American Christians tend to vacillate between cultural engagement and withdrawal, and between hope and despair, depending on how we read the historical moment in which we find ourselves. This tends to produce a manic-depressive pattern that works neither for Christians nor for anybody who has to listen to Christians.
In my new book, “Letter to My Anxious Christian Friends,” I argue for a posture of steady, constructive, faithful cultural engagement for Christians in the United States, regardless of what we think is going on at any particular moment. This is better Christianity, I suggest, and far more likely to have a constructive impact on society.
My object lesson in what not to do has for some time been provided by the Christian right. My reading of the 40-year history of the U.S. Christian right is that their cultural engagement has tended to be characterized either by triumphalistic overconfidence in the imminent reclaiming of America for Christ (as they understand Christ) or a despairing anger that the culture seems to be slipping further and further out of Christ’s reach.
When things go their way, as for example, in the election of a preferred politician like Ronald Reagan or George W. Bush, the Christian right has tended to go gaga, with a renewed Christian America now just around the corner and God’s hand of blessing back on America.
But when things go against them, as for example, when a Democrat gets elected president or a Supreme Court decision violates their values, the right tends to shift into despair mode, with the demons of Satan on the march and God punishing America for its sin.
This epic series of highs and lows may be helpful in mobilizing the troops or raising funds, but it tends to produce a pattern of public engagement that feels more like whiplash than anything else.
I have been doing a lot of reading in the progressive Social Gospel movement of the late 19th and early 20th centuries. This movement, centered around such figures as Shailer Mathews and Walter Rauschenbusch, sought a “social Christianity” that they believed both reflected the religion of Jesus and could be the indispensable factor in what Rauschenbusch called “Christianizing the social order.”
It was quite striking to find, on a recent reading of Rauschenbusch’s 1912 book by that name, a broad over-reading of the progress of social Christianity and its agenda, and the identification of this progress with the onward march of the Kingdom of God. Certainly the ideas that Rauschenbusch had been promoting were catching on in many circles, but the 1912 Rauschenbusch saw much more progress than was actually there.

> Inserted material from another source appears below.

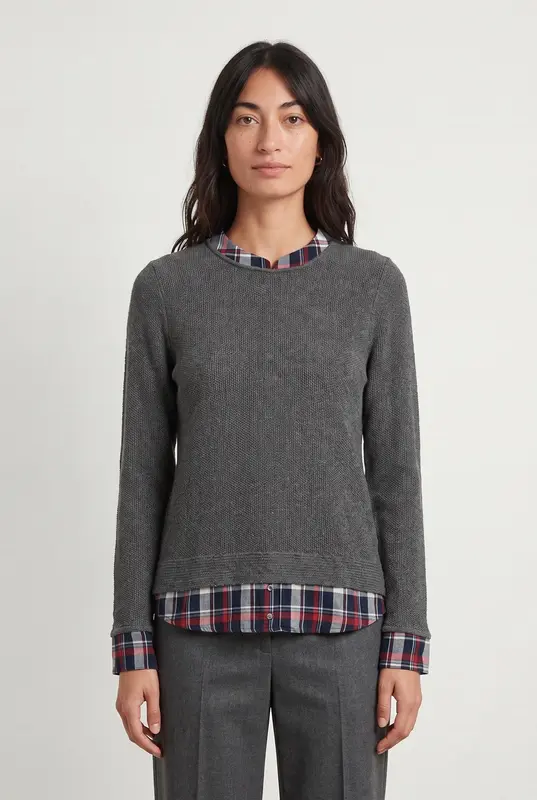 Pull Gris et Bleu - Taille M/38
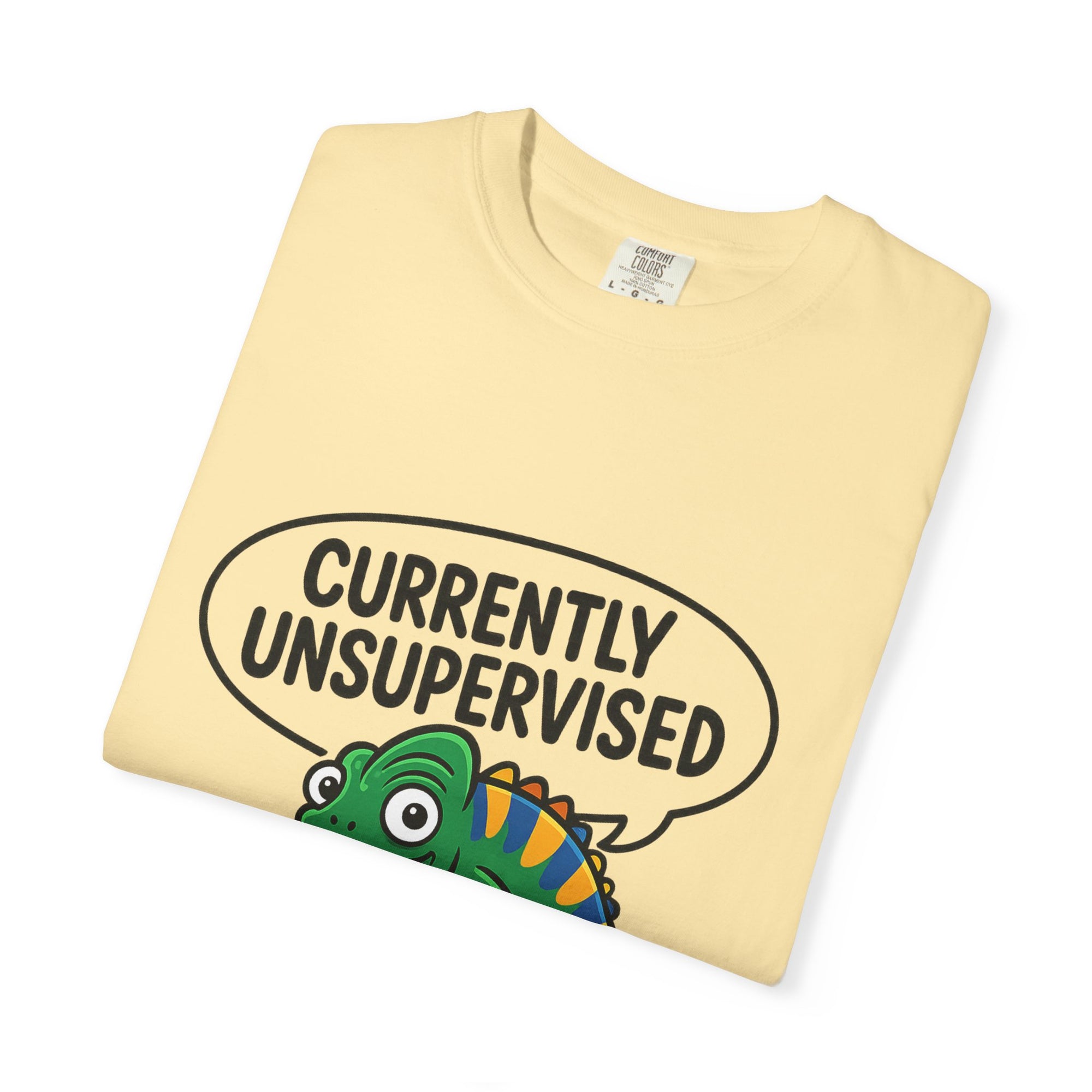 Whimsical Unisex T-Shirt, Currently Unsupervised Shirt, Fun Gift for Teens, Robot Graphic Tee, Casual Everyday Wear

And of course Rauschenbusch could not see the carnage of the Great War that would begin just two years later. There was not a lot of “Christianizing the Social Order” happening in Verdun and the Somme. Indeed, the Great War broke Rauschenbusch’s heart, and those who knew him said that he never really recovered from the war itself and from the vicious reaction he received when he raised questions about American involvement.
I am among those who have been permanently affected by the reading of Jesus that Rauschenbusch offered. I share his belief that Jesus’ central message was of the dawning kingdom of God; that the kingdom is a social and political reality and not merely a spiritual one; and that the church should be a community dedicated to God’s Kingdom and not fundamentally to its own interests or existence. This understanding of Jesus’ message and mission almost inevitably takes a Christian out of a narrow focus on churchly matters and into social and political engagement with a transformative “kingdom” agenda.
In a rich irony, this kingdom of God/social transformation agenda is often shared by both progressive and conservative Christians, who mainly differ on what they think God’s social transformation agenda looks like, not on whether God’s project involves transforming culture and world.
But the enduring temptation in this culturally engaged form of Christianity, whether on the left or the right, is to assume that we here below have the capacity to interpret the small and large events of history in some kind of trustworthy and authoritative way. When we think we see kingdom progress, we rejoice; when we think we see kingdom defeats, we grieve; and we constantly claim to know what God is doing in and through historical events. This then gives us an awful lot of manic-depressive moments in our engagement with culture, not to mention a kind of manic-depressive God.
These days I am more attracted to the idea of faithful Christian witness regardless of circumstances and with much greater humility related to any attempt to read the signs of the times or to declare what God is or is not doing. It has not been given to us to know authoritatively what to make of history or of the success or failure of our efforts. Better for us simply to seek to love God and love neighbor each day and leave the interpretation of God’s activity in history either to a later generation or to God.